Vorrei allargare il campo di indagine. Se in Italia - e in particolar modo a Trieste - c'è stata un cosiddetta rinascita della poesia - oppure solamente riscoperta, riacquistata visibilità? - in altri paesi a noi vicini il primato della poesia nel '900 non è quasi mai stato messo in discussione. Penso ai paesi della fascia mittleuropea - Polonia, Repubblica Ceca, Ungheria - e a quelli dell'Est - la Russia su tutti. In particolare vorrei soffermarmi sull'Ungheria, giacché da diverso tempo vivo lì per motivi di studio.
La prima fonte di meraviglia è stata la scoperta
dell'esistenza di diversi gruppi musicali - di generi differenti e composti
per lo più da giovani - che scelgono come testi per le proprie
melodie poesie di autori ungheresi.
La seconda fonte di stupore è stata scoprire che questi gruppi
musicali spesso si esibiscono in concerti ai quali accorrono molti giovani,
concerti che si tengono nei locali più disparati, e lo sottolineo
per mettere in evidenza il fatto che - contrariamente a quanto si potrebbe
pensare - i luoghi privilegiati di queste performance non sono
"sacri", ovvero né teatri né circoli culturali.

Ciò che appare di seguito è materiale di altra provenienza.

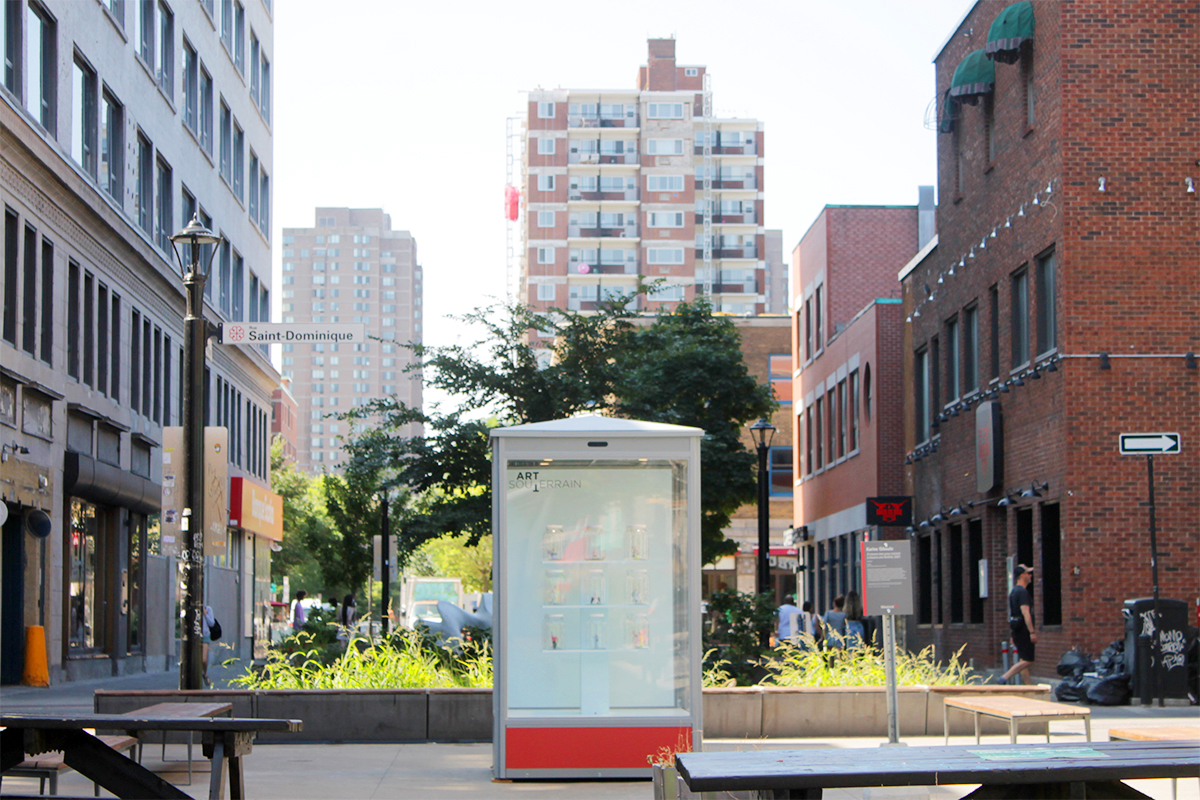 Exhibition Cubes, Machine for Art Souterrain, Montréal, 2021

La scelta del luogo viene fatta principalmente in base a necessità
di spazio e non di scelta ideologica. Sono quei ragazzi che irradiano
di sacralità i luoghi e non viceversa, o che addirittura trasformano
quelli che Augè ha chiamato "non-luoghi" in luoghi, grazie
alla forza magica della parola poetica che porta con sé il messaggio
dell'uomo e della Storia. Perché sia chiaro, la poesia ungherese
dalle origini è soprattutto poesia sociale, di forte contenuto
umano, a partire da Balassi Bàlint passando per Petofi Sàndor
fino alle voci più vicine di Jòzsef Attila e Radnòti
Miklòs, è il canto che incita il popolo magiaro a non cedere
mai, a resistere, anche dopo la tirannia della Chiesa, dei Turchi, degli
Asburgo, della dittatura fascista prima e di quella comunista poi. E'
un caso che un paese - forse l'unico al mondo - che ha perso tutte le
battaglie e le guerre della propria storia e sia stato assoggettato sempre,
in una maniera o nell'altra, dal suo arrivo in Europa prima dell'anno
mille, abbia un rapporto così visceralmente forte - almeno rispetto
all'Occidente europeo - con la poesia?
È un caso che anche negli anni più duri della propria storia quella gente, e per gente intendo la massa di persone che sta attorno al circolo dei pochi addetti ai lavori, abbia comprato i libri dei poeti, le riviste di poesia, abbia imparato quelle poesie? Ed è un caso che in Italia, come in paesi a noi simili per cultura, ciò non avvenga e non sia avvenuto? C'è un collegamento tra la sperimentazione linguistica nella poesia italiana degli anni '60 e '70 e la perdita di interesse da parte del pubblico? C'è un collegamento tra la spettacolarizzazione e la teatralizzazione della poesia negli anni '70 e quella poesia incentrata sulla sperimentazione del linguaggio? Cito nuovamente Doplicher: «Occorre vera sperimentazione, non gioco con le parole. Il salotto borghese e la comune rivoluzionaria sono ipotesi del passato; se ci sono poche speranze a questo mondo, tocca a noi inventarle, ma nelle cose, non nel gioco della pagina, arido e gretto». Credo che quel modo di far poesia, da "grammatici" - Zanzotto stesso ha affermato in un'intervista di considerarsi più che altro un botanico delle grammatiche - da linguisti, abbia provocato un gap, una frattura tra l'artista e il pubblico e credo che si sia ricorsi al teatro per tentare di colmare quel vuoto.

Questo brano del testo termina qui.